The Queens Museum of Art’s Fluid Motions sector highlights the significance of water in the region’s history, while Kingdoms of the World about spiritual practices and music and dance traditions, such as carnival.
Kingdoms includes two large sculptures by Miami artist Edouard Duval Carrie and a painting by José Bedia. Both are also represented in the sections at the Studio Museum. Other Miami-based artists with works on display are Colombian Gonzalo Fuenmayor and Cuban Glexis Novoa. Artists who have transited Miami are also included, among them the Nicaraguan master Armando Morales, who spent his final years here, and the German artist Guillermo Wiedermann, who emigrated to Colombia and died in Key Biscayne.

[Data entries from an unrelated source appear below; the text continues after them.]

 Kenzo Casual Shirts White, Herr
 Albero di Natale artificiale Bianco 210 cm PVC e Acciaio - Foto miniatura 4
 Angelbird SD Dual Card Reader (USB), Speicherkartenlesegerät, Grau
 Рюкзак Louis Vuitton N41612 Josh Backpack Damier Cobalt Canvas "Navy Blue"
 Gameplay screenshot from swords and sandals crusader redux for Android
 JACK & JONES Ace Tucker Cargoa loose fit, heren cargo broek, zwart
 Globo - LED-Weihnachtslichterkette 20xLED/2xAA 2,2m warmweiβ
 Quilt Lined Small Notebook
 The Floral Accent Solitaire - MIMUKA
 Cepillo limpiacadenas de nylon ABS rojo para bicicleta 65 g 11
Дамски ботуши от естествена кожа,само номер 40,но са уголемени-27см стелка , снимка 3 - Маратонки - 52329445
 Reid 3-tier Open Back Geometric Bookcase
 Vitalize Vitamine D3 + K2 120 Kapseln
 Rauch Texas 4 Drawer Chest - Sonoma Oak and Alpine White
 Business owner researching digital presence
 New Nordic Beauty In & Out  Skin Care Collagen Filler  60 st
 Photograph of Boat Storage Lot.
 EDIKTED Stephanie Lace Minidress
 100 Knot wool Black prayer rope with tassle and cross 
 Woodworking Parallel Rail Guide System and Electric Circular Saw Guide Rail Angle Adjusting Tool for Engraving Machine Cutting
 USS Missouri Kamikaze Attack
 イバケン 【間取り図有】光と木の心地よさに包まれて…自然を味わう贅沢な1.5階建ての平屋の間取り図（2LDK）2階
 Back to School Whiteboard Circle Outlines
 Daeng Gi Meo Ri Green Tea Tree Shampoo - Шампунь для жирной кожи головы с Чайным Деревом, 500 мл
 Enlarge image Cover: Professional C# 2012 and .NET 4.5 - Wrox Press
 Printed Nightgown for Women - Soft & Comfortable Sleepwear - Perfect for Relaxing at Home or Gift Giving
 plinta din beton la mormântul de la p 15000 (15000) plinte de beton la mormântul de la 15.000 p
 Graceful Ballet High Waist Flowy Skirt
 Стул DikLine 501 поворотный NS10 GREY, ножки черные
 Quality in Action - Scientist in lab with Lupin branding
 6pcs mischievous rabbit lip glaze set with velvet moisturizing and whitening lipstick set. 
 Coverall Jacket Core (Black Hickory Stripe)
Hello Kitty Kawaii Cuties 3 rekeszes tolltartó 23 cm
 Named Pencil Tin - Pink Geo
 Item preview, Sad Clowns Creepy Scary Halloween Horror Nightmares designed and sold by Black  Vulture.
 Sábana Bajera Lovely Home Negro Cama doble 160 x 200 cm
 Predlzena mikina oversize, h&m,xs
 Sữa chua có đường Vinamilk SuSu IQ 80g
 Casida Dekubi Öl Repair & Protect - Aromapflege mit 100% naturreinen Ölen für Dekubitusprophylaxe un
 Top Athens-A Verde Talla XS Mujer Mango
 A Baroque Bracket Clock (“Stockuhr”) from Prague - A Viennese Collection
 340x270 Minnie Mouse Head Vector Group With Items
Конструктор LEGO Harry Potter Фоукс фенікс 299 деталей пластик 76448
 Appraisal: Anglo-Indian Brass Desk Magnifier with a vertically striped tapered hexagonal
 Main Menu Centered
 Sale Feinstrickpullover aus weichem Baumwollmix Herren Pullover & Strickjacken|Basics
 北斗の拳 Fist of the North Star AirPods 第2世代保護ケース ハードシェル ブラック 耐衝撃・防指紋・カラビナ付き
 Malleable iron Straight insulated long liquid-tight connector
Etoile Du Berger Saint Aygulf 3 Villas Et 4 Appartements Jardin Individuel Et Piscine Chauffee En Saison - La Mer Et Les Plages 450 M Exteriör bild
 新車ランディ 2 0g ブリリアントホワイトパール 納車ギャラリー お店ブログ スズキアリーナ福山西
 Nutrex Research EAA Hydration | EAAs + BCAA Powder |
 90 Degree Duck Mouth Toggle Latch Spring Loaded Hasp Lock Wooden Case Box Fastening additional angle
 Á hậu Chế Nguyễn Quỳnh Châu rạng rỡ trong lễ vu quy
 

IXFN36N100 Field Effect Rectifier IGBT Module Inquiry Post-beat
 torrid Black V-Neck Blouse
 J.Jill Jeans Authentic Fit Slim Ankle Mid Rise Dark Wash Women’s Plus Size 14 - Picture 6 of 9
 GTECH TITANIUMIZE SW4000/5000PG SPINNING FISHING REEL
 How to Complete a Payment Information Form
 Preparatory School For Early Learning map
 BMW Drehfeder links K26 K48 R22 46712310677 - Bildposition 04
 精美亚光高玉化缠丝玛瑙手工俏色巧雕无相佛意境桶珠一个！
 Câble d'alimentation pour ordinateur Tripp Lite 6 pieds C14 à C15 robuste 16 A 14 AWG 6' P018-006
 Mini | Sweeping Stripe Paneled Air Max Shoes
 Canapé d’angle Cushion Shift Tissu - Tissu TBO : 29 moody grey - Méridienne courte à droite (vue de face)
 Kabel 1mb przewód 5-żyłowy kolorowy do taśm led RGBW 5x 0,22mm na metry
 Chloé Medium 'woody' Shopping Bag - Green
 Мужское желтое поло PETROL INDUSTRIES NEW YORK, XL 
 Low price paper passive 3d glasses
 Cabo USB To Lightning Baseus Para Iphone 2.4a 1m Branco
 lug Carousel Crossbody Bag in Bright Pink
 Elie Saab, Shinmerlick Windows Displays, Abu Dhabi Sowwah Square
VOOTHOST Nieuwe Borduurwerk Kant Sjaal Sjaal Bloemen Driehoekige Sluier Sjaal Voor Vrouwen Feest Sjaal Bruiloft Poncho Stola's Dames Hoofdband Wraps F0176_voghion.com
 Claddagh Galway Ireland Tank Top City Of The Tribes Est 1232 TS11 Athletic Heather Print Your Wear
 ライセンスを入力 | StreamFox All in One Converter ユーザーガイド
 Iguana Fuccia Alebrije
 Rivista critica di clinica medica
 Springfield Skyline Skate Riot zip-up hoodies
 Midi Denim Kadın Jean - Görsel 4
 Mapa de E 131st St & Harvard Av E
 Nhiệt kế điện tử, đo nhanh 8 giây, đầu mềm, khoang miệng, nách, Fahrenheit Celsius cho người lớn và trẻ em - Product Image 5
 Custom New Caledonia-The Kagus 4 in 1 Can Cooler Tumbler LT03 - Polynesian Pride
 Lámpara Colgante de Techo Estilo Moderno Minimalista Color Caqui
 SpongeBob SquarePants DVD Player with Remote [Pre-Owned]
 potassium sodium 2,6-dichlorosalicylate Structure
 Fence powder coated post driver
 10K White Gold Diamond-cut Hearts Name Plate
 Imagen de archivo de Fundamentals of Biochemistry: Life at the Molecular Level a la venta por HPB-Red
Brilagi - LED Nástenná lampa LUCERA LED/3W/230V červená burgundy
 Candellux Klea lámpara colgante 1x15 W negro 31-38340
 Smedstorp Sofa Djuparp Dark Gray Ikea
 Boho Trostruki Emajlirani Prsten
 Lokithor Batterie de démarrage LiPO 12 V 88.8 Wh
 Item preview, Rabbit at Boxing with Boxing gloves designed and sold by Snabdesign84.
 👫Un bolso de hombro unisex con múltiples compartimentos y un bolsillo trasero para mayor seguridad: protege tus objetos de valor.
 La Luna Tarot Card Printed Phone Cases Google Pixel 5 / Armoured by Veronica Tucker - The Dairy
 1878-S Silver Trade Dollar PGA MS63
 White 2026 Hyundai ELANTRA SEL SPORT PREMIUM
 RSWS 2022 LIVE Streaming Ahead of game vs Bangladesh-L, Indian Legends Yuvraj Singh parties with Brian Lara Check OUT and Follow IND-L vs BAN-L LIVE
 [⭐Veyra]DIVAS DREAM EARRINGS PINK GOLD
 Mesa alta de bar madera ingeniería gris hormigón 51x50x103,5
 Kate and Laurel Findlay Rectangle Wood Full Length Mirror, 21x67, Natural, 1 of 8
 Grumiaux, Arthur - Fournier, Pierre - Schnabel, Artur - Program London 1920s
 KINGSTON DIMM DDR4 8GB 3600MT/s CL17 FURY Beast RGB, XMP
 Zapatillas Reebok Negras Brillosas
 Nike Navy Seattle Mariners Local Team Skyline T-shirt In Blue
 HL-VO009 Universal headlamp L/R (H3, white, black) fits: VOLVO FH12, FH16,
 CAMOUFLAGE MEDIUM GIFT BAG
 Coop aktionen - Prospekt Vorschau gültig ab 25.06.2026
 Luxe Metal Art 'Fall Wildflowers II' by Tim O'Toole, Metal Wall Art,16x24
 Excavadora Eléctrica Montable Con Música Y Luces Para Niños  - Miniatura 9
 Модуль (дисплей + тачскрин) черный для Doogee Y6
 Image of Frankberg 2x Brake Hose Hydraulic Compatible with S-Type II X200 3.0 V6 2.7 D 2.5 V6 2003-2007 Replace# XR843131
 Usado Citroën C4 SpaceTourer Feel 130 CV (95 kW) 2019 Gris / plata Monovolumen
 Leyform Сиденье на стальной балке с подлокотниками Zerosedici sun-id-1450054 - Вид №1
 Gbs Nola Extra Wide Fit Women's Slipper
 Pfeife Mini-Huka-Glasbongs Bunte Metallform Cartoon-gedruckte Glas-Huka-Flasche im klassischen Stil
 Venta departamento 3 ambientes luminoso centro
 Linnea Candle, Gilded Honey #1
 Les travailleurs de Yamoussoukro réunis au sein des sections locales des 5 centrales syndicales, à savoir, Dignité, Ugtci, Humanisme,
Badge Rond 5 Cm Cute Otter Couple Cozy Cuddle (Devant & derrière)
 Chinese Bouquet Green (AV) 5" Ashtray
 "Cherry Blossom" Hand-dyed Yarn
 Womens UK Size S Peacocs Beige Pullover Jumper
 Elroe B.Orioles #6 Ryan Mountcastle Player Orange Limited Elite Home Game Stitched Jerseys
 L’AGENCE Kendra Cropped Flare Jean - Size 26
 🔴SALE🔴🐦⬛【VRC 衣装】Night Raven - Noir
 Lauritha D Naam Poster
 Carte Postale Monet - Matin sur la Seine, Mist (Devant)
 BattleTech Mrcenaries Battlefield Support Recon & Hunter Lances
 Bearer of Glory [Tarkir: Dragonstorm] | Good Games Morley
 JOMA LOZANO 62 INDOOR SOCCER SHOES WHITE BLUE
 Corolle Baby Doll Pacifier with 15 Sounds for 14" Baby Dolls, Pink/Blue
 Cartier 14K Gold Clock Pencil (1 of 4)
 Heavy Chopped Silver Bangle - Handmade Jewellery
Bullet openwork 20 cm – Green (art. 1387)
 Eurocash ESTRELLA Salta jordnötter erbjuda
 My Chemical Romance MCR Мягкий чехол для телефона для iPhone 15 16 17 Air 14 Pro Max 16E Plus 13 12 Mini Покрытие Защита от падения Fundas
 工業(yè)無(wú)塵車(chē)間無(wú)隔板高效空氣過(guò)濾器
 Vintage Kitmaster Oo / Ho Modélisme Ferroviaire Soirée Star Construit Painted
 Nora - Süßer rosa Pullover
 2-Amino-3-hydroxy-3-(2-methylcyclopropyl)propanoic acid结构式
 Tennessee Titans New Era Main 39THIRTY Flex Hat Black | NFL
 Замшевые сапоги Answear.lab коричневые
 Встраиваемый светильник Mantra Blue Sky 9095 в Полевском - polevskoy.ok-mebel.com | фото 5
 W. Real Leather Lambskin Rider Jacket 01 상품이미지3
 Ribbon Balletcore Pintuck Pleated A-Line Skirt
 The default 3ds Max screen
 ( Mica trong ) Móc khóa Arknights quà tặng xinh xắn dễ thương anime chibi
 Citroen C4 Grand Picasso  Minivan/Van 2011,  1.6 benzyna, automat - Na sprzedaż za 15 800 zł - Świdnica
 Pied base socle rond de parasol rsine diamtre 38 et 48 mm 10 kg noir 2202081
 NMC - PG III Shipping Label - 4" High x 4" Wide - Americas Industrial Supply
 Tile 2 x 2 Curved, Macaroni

Fittingly for an exhibition aimed at capturing temporal flux, videos are among highlights at all three venues. None better epitomizes the exhibition‘s underlying theme of connections than David Pérez Karmadavis’s untitled video led,” in which a blind Dominican man is carrying a handicapped Haitian woman — image of a hopeful metaphor for relations between those two antagonistic countries. Other standout include Geandy Pavón’s Amnesia: A Portrait of Orlando Zapata, in which the artist uses dextrose and water to recover the dissident’s image, and Eduardo Gil’s eerily silent portrait of baseball star Roberto Clemente.
For those who will miss the New York exhibition, Fuentes hopes to stage a traveling version in a Miami museum.
Miamians will get an introduction to one of the stars of the show sooner than that, however; Ebony Patterson, who divides her time between Jamaica and teaching at the University of Kentucky, will be featured in an exhibition, Six Degrees of Separation, at Florida International University’s Frost Art Museum in the summer of 2013.
Although Patterson is represented in Caribbean Crossroads by a single work in the Shades of History section, it is an attention-grabber. In her mixed media drawing of a young man, Patterson explores what she calls the construction of masculinity in Jamaican pop culture and especially its dance-hall scene.
“I used materials traditionally considered feminine — wall paper and glitter — to measure masculinity,” she says. The stark whiteness of her subject reflects the recent popularity of facial bleaching among men, a cosmetic technique previously employed primarily by women.
Patterson’s materials are reminiscent of Haitian folk art. By design or happy accident, her work is juxtaposed with Duval Carrie’s portrait of General Touissant Louverture, crafted in a similar style. Seen together, they represent the connections between the old and the new, between history and art, in Caribbean culture.